Il problema italiano e il suo futuro

Innovazione dunque…perché in Italia non c’è sostanzialmente innovazione? È difficile da dirsi. La sensazione è che l’ecosistema italiano sia molto lontano da un ecosistema florido per far crescere progetti innovativi. I principali problemi sono un grande distacco, quasi un’incomprensione, tra il mondo che innova (i giovani) e il mondo dell’impresa (i vecchi, il 62% degli imprenditori ha più di 55 anni). Purtroppo questo è un fatto che ha poche soluzioni politiche. Al massimo si può favorire il “fare squadra” dei giovani. O si può fare di più?

Lo Stato non aiuta l’innovazione. Questo è un problema reale su cui si può operare incisivamente. Alcuni progetti di innovazione promossi dallo Stato esistono, ma sono molto frammentari, iper burocratizzati, (a cui poi accedono sempre i soliti…), mal comunicati. I pochi progetti veramente validi sono generalmente osteggiati e portati avanti solo da ragazzi realmente appassionati e volenterosi che hanno tutta la mia stima e il mio appoggio e che fanno un lavoro titanico.  Ci sono pochi sprazzi di luce nel mare in tempesta dell’economia italiana.  Siamo ancora in tempo ad innovare in questo sistema? Sì! Senza dubbio. L’innovazione infatti quando parte, divampa, come da una scintilla nasce il fuoco.

Però dobbiamo volerlo. Credere che l’innovazione sia il faro dell’evoluzione del Paese. Dobbiamo volere un Paese grande, moderno, forte, avanzato, ammirato e rispettato!
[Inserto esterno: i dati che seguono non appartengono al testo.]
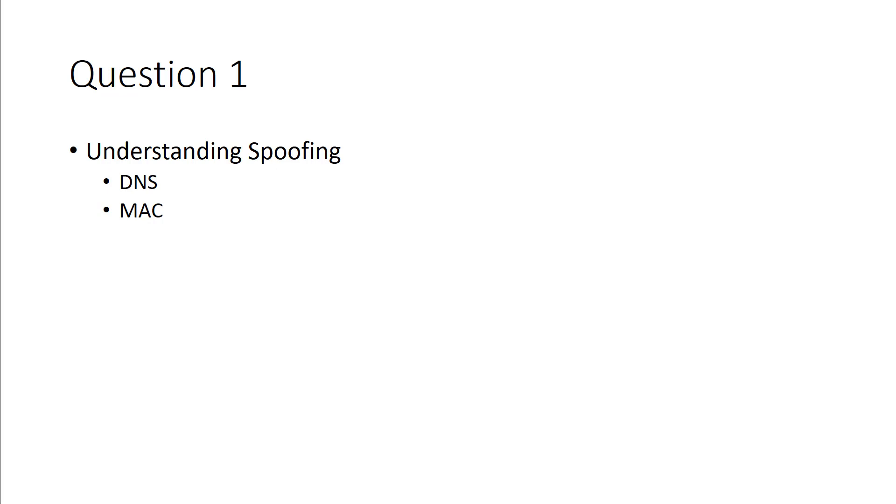With DNS, you can actually spoof certain websites. So when you go there, you think you're at a legitimate site and you're really not. And again, a big part of that is the spoofing.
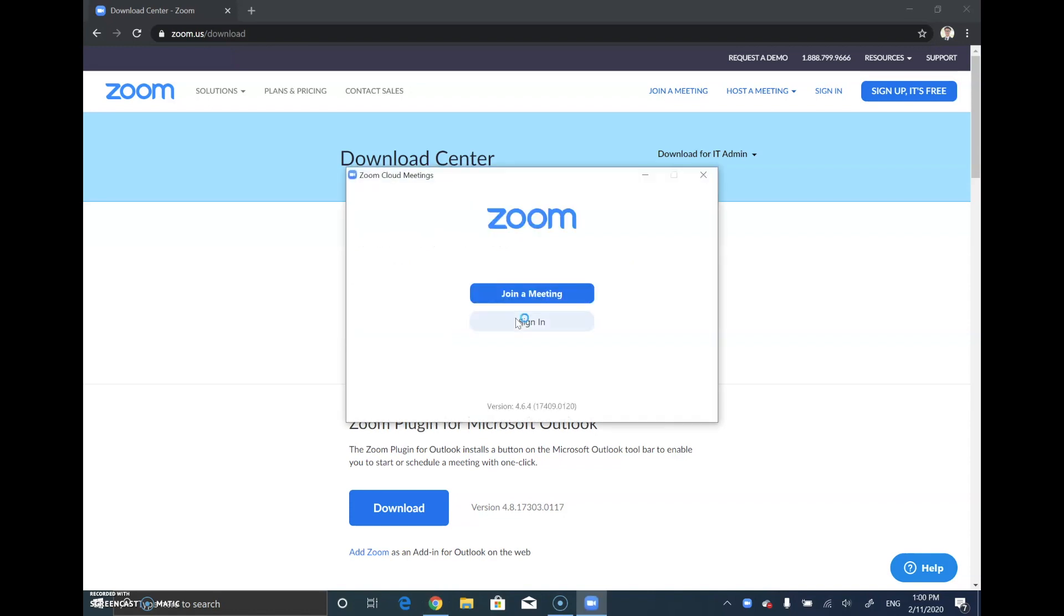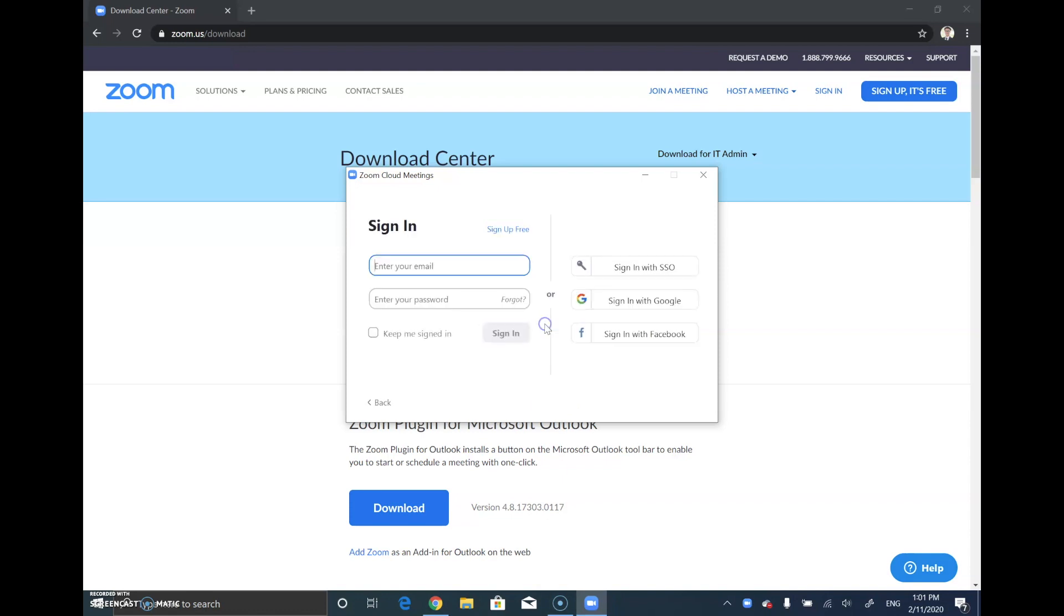When it's ready, it will open the app. Sign in with your Google eLearn account and click the button 'Sign in with Google'.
L’innovazione e badiamo bene non la tecnologia (che è il supporto materiale dell’innovazione, che è invece prima di tutto culturale) è un’arma dalla doppia potenza; da una parte farà crescere l’Italia in un sistema capitalista, dall’altra potrà aprire le porte verso una società nuova.

Non è un problema che vedremo (noi), ma, per esempio, prima o poi (più poi che prima) i robot sostituiranno l’uomo in quasi tutti i lavori manuali. Che pensare allora del lavoro? Già oggi in nuce il problema andrebbe affrontato. Non si può fermare questa traiettoria della storia, ma la si può superare…modificare! Quali sono i problemi che oggi la società deve affrontare? Come si possono innovare i modelli relazionali (di ogni tipo) tra gli esseri umani? Vogliamo veramente che i social network siano il meglio delle relazioni umane che l’essere umano è riuscito ad inventare?

Dobbiamo andare oltre, dobbiamo sognare. Dobbiamo sognare (e realizzare!) città senza inquinamento, campagne senza pesticidi. L’assenza di allevamenti intensivi, abitazioni sicure e confortevoli per tutti. Spazi sociali di incontro stimolanti ed aperti. Cosa può fare l’innovazione per questo (e molto altro). Tutto? No. Molto? Sì, e forse anche di più! Iniziamo a pensare insieme. Iniziamo a credere che il futuro sarà migliore del passato, iniziamo a sognare e realizzare i sogni insieme. Non si abbia più paura di quello che verrà perché plasmeremo la società per come la vogliamo.

Più diritti, più giustizia, più tutele, più umanità, più solidarietà, più libertà! Innovare significa sognare e cambiare. Questo è quello di cui il Paese ha bisogno! Questo è ciò che noi vogliamo!